The trial heard that on the evening in question, Melnic met up with a friend and proceeded to Mr Daghi’s house, arriving at 8pm.There were a number of people present in the house and they had some food in the garden, drank a bottle of whiskey and proceeded to a pub where a second bottle of whiskey was purchased and consumed back at the house. The group then went to a nightclub where they bought a third bottle of whiskey.

Some time around 3am, a dispute arose between Melnic and Mr Daghi.

Witness Alexandru  Beccieu (24) said both he and Mr Daghi were trying to calm Melnic down but the defendant was “very drunk”.The witness said he went in between his friends to pull them apart when they started throwing punches at each other.

Mr Beccieu said the defendant tried to hit him and was successful on the second occasion. He said Mr Daghi then got in between them and separated them.Mr Baccieu went to look for the defendant’s car keys, because Melnic wasn’t calming down after Mr Daghi told him to go home.

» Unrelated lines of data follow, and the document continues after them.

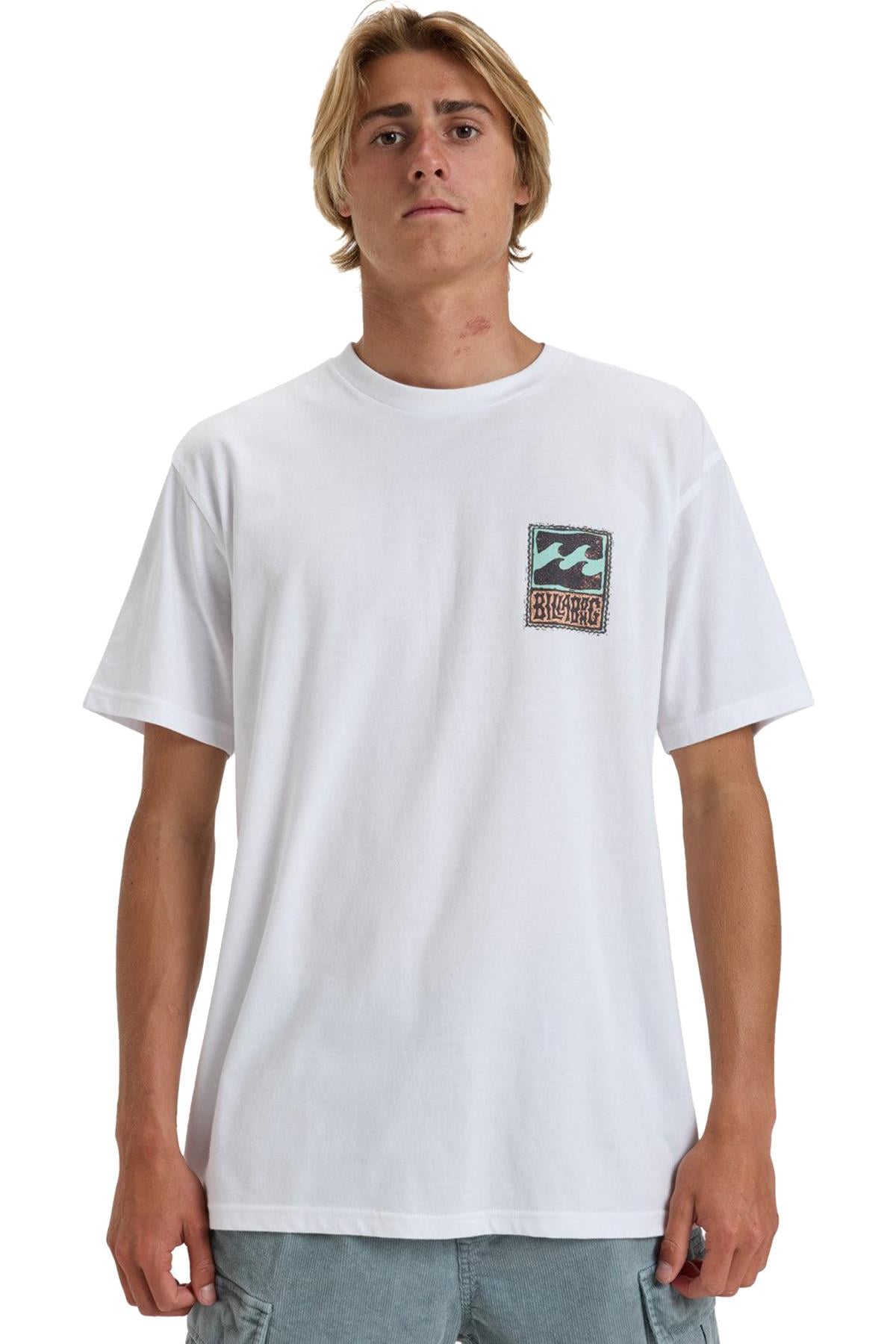 Billabong Stamp Erkek Tişört EBYZT00293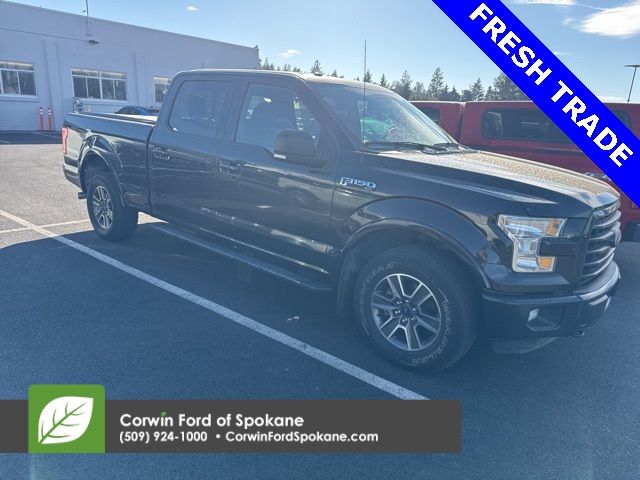 2015 Ford F-150 XLT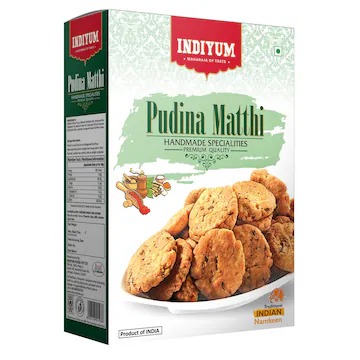 Indiyum Pudina Matthi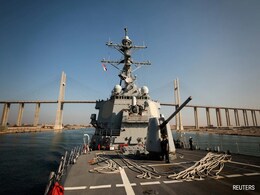 Explained: Did World's First Anti-Ship Ballistic Missile Attack Just Happened? Explained: Did World's First Anti-Ship Ballistic Missile Attack Just Happened?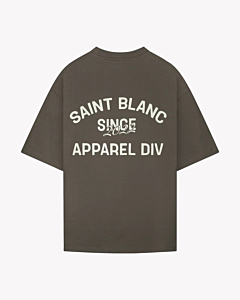 Saint Blanc T-shirt Apparel T-shirt Bruin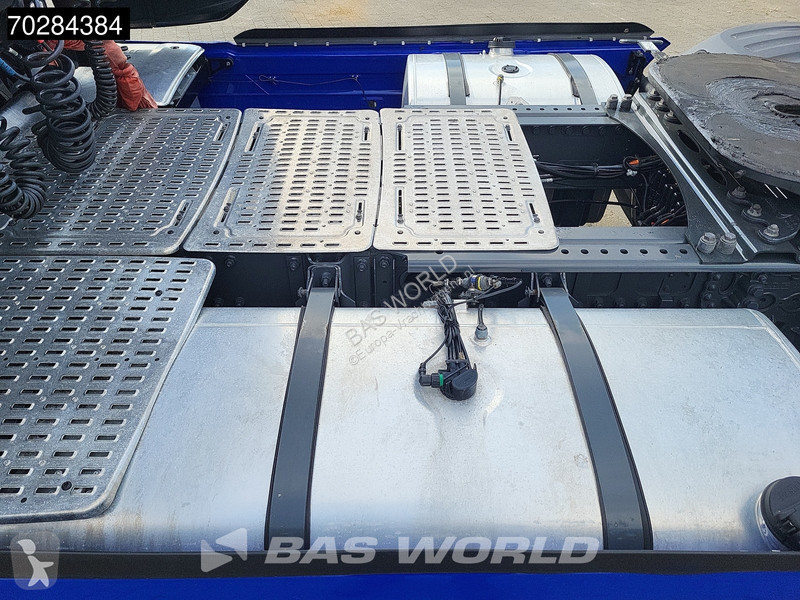 Tahač DAF + 530 + 4X2 Retarder 2x Tanks Alcoa's...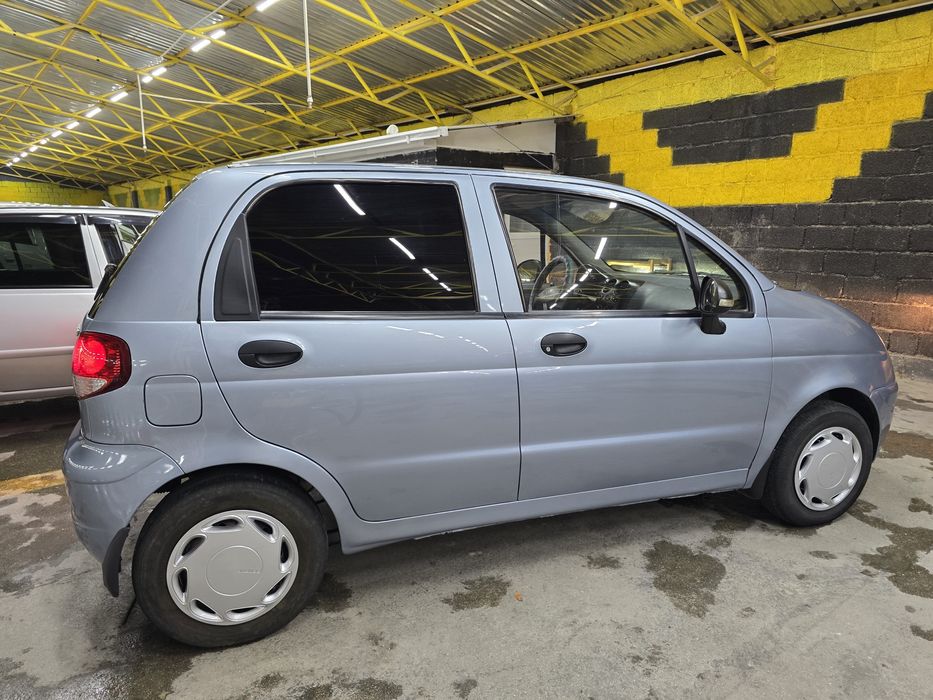 Matiz yili 2014 kraska toza metanda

When the witness came back, he said the defendant was “down” or on the ground with his hands on his head “trying to ward something off” and that Mr Daghi had a piece of a chair in his hand. A woman took Melnic into the house and Mr Baccieu and Mr Daghi stayed outside smoking a cigarette. The witness said Mr Daghi looked in the window of the house and saw Melnic and his sister pulling at each other. He said Mr Daghi went into the kitchen to see what was happening and came out seconds later.

The witness continued: “Mr Daghi said he cut and fell down in front of me.”Under cross-examination, Mr Beccieu agreed with Mr Grehan that Melnic must have had “a colossal amount” of the whiskey as the deceased didn’t have a lot of alcohol in his system.A pathologist told the jury that Mr Daghi died from a single stab wound to the chest, which measured 13cm in depth, and death would have been very rapid. 73 milligrams of ethanol was detected in the deceased’s system, which is just over 2.5 pints.

Referring to the law of intoxication in his charge, Mr Justice Keane had said it is not a complete defence to murder and is there if the defendant’s mind was in such a state from the effects of alcohol that he had not intended to kill or cause serious injury. He told the jurors if they had a doubt about that, then the verdict should be not guilty of murder but guilty of manslaughter.

Having been arrested on suspicion of assault causing harm to Mr Daghi in the early hours of May 12, Melnic was deemed unfit for interview and was not questioned until 15 hours later.

He told interviewing officers at Naas Garda Station that he and the deceased had been drunk and at some point an argument started.

“A lot of drink was taken, my memory is very hazy,” added the defendant. Melnic’s sister, Angelina Spinu, had agreed that her evidence to a jury, where she had “painted a picture” of her own partner Mr Daghi “as the aggressor” in the altercation and holding a weapon, was “the complete opposite” to what was said in her garda statement.

In her direct evidence at the Central Criminal Court, Ms Spinu denied to the prosecutor via a Romanian interpreter that she was trying to protect her brother.

The jury had heard that Ms Spinu told gardai in her statement that her “kid brother” said to her husband “I will kill you” before he took a step forward and “pushed” a knife into his chest.